Forum on language problems to be held
By Jason Paul Laxamana
Central Luzon Daily
Last semester, a Kapampangan organization in the University of the Philippines (UP) Diliman called UP Aguman invited Kalalangan Kamaru and Infomax-8 to talk about regional broadcast media and screen the pilot episode of “Kalam,” the first Kapampanganovela. In spite of the heated debate between so-called nationalists and so-called regionalists, after the screening of “Kalam,” the audience unanimously found the project and the show itself worthy of praise.
This semester, four UP-based organizations—Saligan sa CSSP, UP Aguman, UP Samahang Linggwistika, and STAND UP—team up to hold a bigger forum entitled “Ing Kalam ning Amanung Sisuan” (The Blessing of the Mother Tongue). It will be held on December 9, 2008 from 1 PM to 4 PM at Palma Hall 400. Unlike before, the forum will also feature linguists, experts, and other concerned people to speak about the phenomenon of language shift, language death, and language revitalization
A Closer Look at Philippine Language Problems
(Original Tagalog text by Peter Sengson; English Translation by Laxamana)
At present, there are more than a hundred languages spoken in the Philippines. A number of these are in the brink of being wiped out and it is said that some of the languages of the country of the world are about to die without even being studied or documented. Just what are the conditions that cause language death?
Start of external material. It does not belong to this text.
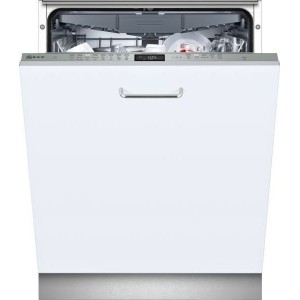 NEFF S515M80X1E Πλυντήριο Πιάτων Εντοιχιζόμενο A++ ΕΩΣ 12 ΔΟΣΕΙΣ
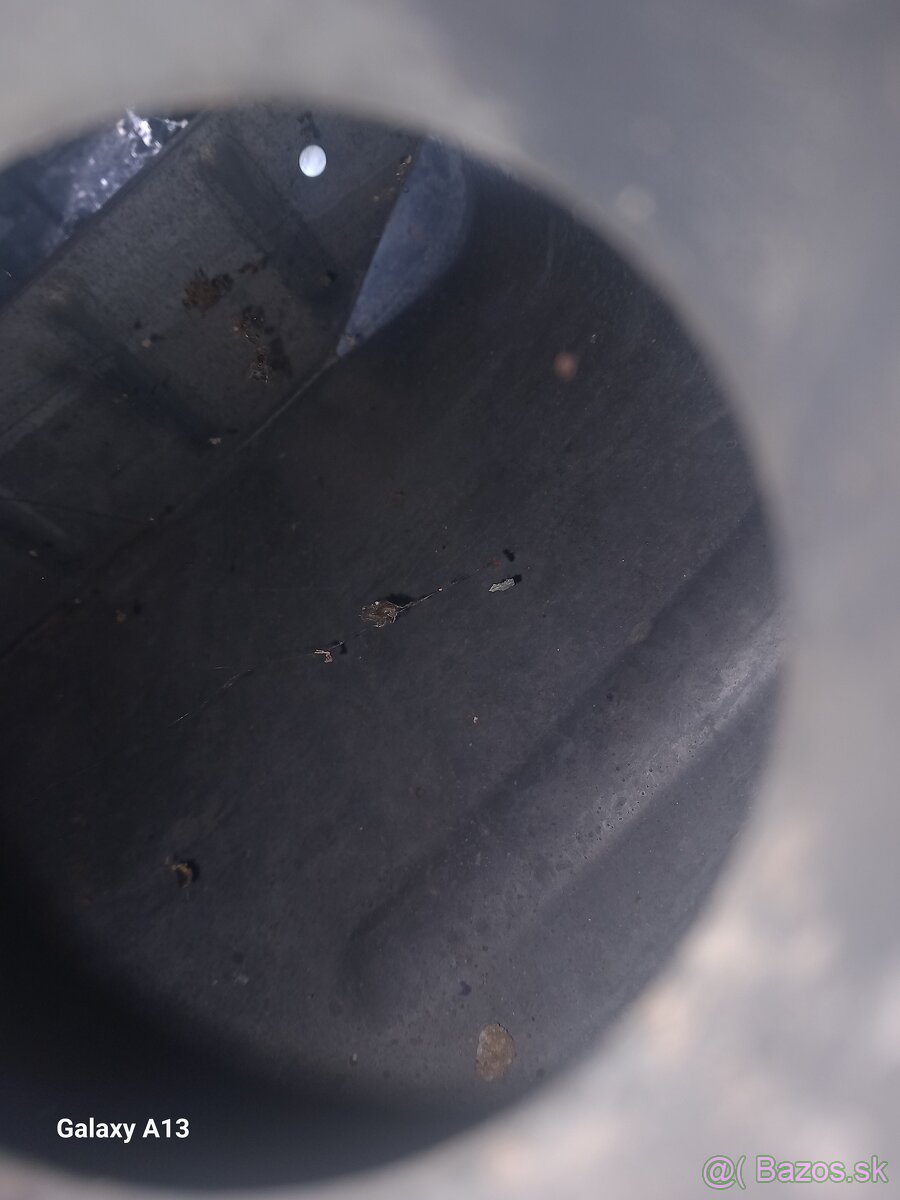 Predám Nádrž Škoda 100/1000 - 3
In the Philippines, the Kapampangan language, which is one of the major languages of the archipelago, has been experiencing a decline in its number of speakers. Current speakers of the language are also gradually abandoning it and it is feared that death would be its fate. What are the internal problems that led to this situation? What is being done by the Kapampangans to salvage their mother tongue? What kind of Kapampangan are they trying to revitalize: purist or liberal?
According to some language advocacy groups, the appointment of Filipino as national language is a major cause in the hazard faced by other languages in the Philippines. How did the Filipino language affect the perception of Kapampangans in their own tongue? Is there really a conflict between Filipino and the languages of the regions? What is the possible future of the Philippine languages given the government's campaign for using English as medium of instruction?
These are the questions to be answered in this forum. It aims to introduce linguists, as well as scholars from other disciplines of social science, to the country’s language predicaments. Professors in the field of linguistics, Filipino, and Kapampangan will share their analyses in this issue. Resource speakers from groups attempting to revitalize Kapampangan will also be invited to share their experiences.
The highlight of the program is the screening of the first Kapampanganovela, “Kalam.” After the discussions, an open forum will follow. Linguistics students, especially those enlisted in Sociolinguistics, are expected to attend, as well as other students from the college, professors, and other organizations. The forum is open to everyone who is willing to take part.